A advogada Malu Borges Nunes sofreu constrangimento pelo presidente da 2ª Câmara Cível do Tribunal de Justiça do Amazonas (TJ-AM), desembargador Elci Simões, durante sessão plenária realizada de forma online, na última segunda-feira (23).
Durante a fala de um dos participantes da sessão, é possível ouvir pequenos resmungos da filha da advogada no fundo, que está trabalhando em regime de home office (trabalhando em casa). Apesar do barulho não ter prejudicado a comunicação na videoconferência, o desembargador insistiu em dizer que a advogada estava ferindo a ética da profissão por deixar seu bebê participar da sessão.
“[…] pedir para doutora Malu que… aí quebra o silêncio das sessões do tribunal, interferências outras na sala em que a senhora está. Isso prejudica os colegas. Não deixe que outras interferências, barulhos, venham atrapalhar nossa sessão porque é uma sessão no tribunal. Não pode ter cachorro latindo, criança chorando. Se a senhora tiver uma criança, coloque no lugar adequado. São barulhos que tiram a nossa concentração. A senhora precisa ver a ética da advogada”, disse Simões.
A advogada, que estava amamentando a filha naquele momento, respondeu a repreensão com um “Ok, excelência, agradeço a compreensão”. Além disso, minutos antes do início do bloco, a advogada Malu Borges havia pedido preferência para que pudesse realizar a defesa dos processos, porém teve o pedido negado.
“Aí, a senhora tira a preferência dos demais. Os outros [advogados] vão acabar desistindo de fazer suas sustentações”, relatou o desembargador Wellington Araújo, que também estava na sessão.
Após o ocorrido, o caso teve grande repercussão nas redes sociais. Enquanto uns criticaram a atitude do desembargador, outros apoiaram, defendendo que sessões do gênero precisam de seriedade.
Em nota, Malu Borges pediu respeito e disse que, como outras mães no país, exerce jornada tripla, sem apoio. A Ordem dos Advogados do Brasil, seccional Amazonas também postou uma nota em suas redes sociais, repudiando o que tinha acontecido.
Confira a nota da advogada Malu Borges Nunes:
Nós mulheres só queremos que nossa voz seja ouvida, que nos respeitem no nosso ambiente de trabalho e na sociedade.
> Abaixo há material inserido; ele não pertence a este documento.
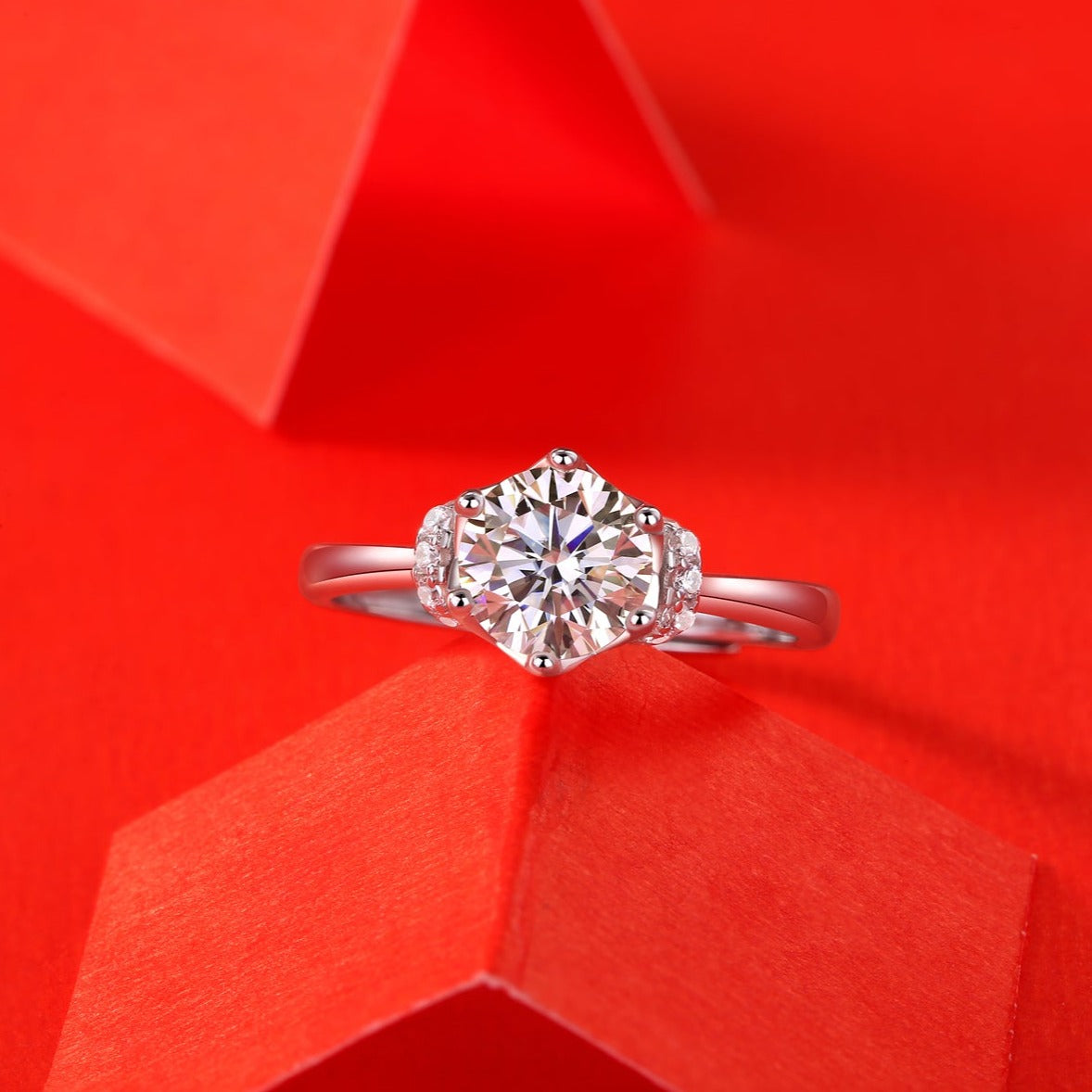 Luxury Moissanite Ring - 18K White Gold Plated with a Radiant Center Stone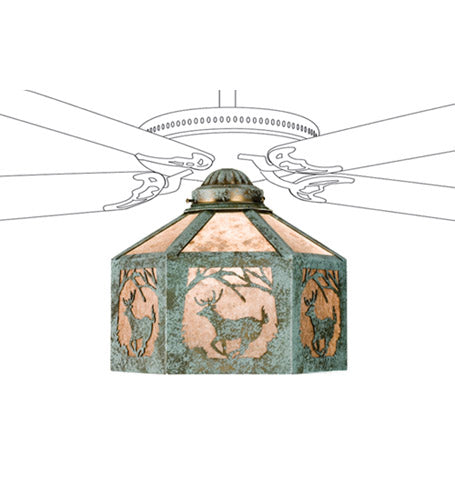 Meyda Tiffany 22342 One Light Fan Light Shade, Verdigris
Que nossa ética profissional não seja questionada por estarmos exercendo dupla/ tripla jornada sem qualquer tipo de apoio.
A minha realidade é a de milhões de brasileiras – trabalhadora e mãe. Obviamente que se eu tivesse uma opção melhor para deixar a minha filha (que acabou de completar 6 meses e depende de mim para tudo) enquanto eu trabalho eu aderiria, pois, a maior prejudicada sou eu, que trabalho os 3 turnos para dar conta da quantidade de tarefas.
Minha ética poderia ser questionada somente se eu deixasse de cumprir prazos e realizar atos, o que não é o caso. Não sou antiética por trabalhar em home office com a minha filha no colo. O triste episódio ocorrido no TJAM – não somente quanto a fala do Desembargador Elci, mas também quanto a falta de respeito a minha preferência legal (lactante) – infelizmente somente comprova, mais uma vez, o machismo estrutural da nossa sociedade.
Isso porque, ao passo que eu fui condenada por estar com uma bebê resmungando (não chorando) na sessão, há uma semana um pai advogado teve preferência no seu processo no STJ por estar com o seu filho de 1 ano presente (matéria de repercussão nacional, inclusive). Mesmo diante da falta de compreensão com minha situação, continuarei sustentando amamentando ou com a minha filha próxima, que é o local adequado para ela.